[Records contained in a dataset]

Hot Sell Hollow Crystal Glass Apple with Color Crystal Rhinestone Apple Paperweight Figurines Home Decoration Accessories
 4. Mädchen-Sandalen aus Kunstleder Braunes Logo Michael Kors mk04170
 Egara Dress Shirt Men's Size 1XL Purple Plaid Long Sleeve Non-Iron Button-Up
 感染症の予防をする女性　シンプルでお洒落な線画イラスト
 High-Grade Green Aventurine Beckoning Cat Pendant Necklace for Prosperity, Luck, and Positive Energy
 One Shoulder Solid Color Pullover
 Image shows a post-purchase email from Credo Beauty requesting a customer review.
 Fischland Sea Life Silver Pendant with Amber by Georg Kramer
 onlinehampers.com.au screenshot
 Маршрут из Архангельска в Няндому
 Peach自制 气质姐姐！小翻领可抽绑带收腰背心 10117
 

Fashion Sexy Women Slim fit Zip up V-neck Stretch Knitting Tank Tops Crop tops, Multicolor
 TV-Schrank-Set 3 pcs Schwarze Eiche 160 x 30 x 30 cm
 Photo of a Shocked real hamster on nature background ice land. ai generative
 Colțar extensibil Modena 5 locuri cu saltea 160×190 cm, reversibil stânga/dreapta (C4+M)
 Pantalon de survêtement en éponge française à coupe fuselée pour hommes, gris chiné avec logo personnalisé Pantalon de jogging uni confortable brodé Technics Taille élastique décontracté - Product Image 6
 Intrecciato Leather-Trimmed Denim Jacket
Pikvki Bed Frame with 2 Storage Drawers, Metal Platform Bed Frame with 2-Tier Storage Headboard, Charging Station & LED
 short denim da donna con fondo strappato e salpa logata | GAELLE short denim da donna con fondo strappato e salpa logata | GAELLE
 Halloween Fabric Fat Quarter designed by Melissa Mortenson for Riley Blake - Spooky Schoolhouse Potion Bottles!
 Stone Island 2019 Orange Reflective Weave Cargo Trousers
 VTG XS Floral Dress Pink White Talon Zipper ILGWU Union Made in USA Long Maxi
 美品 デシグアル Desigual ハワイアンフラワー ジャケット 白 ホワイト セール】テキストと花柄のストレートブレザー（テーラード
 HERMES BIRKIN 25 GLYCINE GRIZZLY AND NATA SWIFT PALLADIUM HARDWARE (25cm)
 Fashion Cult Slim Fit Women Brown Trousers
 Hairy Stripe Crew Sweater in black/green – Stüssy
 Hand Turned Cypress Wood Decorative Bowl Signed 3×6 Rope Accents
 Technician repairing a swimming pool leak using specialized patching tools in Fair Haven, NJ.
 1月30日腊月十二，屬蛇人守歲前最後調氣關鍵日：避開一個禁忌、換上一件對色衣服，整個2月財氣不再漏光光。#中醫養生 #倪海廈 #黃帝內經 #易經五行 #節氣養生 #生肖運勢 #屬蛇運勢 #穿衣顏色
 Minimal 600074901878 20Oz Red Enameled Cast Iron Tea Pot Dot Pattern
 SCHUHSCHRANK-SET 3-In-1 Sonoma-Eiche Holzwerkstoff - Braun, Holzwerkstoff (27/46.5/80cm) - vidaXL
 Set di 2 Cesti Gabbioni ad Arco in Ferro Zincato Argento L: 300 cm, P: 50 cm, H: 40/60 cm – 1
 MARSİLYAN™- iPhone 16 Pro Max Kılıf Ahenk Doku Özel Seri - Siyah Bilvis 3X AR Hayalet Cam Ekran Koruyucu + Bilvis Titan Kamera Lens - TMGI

- THE TASK -
With the line containing "Hand Turned Cypress" as the first and the final line of the entries above as the last, write out that span exactly and nothing more.

- ANSWER TO THIS PROBLEM -
 Hand Turned Cypress Wood Decorative Bowl Signed 3×6 Rope Accents
 Technician repairing a swimming pool leak using specialized patching tools in Fair Haven, NJ.
 1月30日腊月十二，屬蛇人守歲前最後調氣關鍵日：避開一個禁忌、換上一件對色衣服，整個2月財氣不再漏光光。#中醫養生 #倪海廈 #黃帝內經 #易經五行 #節氣養生 #生肖運勢 #屬蛇運勢 #穿衣顏色
 Minimal 600074901878 20Oz Red Enameled Cast Iron Tea Pot Dot Pattern
 SCHUHSCHRANK-SET 3-In-1 Sonoma-Eiche Holzwerkstoff - Braun, Holzwerkstoff (27/46.5/80cm) - vidaXL
 Set di 2 Cesti Gabbioni ad Arco in Ferro Zincato Argento L: 300 cm, P: 50 cm, H: 40/60 cm – 1
 MARSİLYAN™- iPhone 16 Pro Max Kılıf Ahenk Doku Özel Seri - Siyah Bilvis 3X AR Hayalet Cam Ekran Koruyucu + Bilvis Titan Kamera Lens - TMGI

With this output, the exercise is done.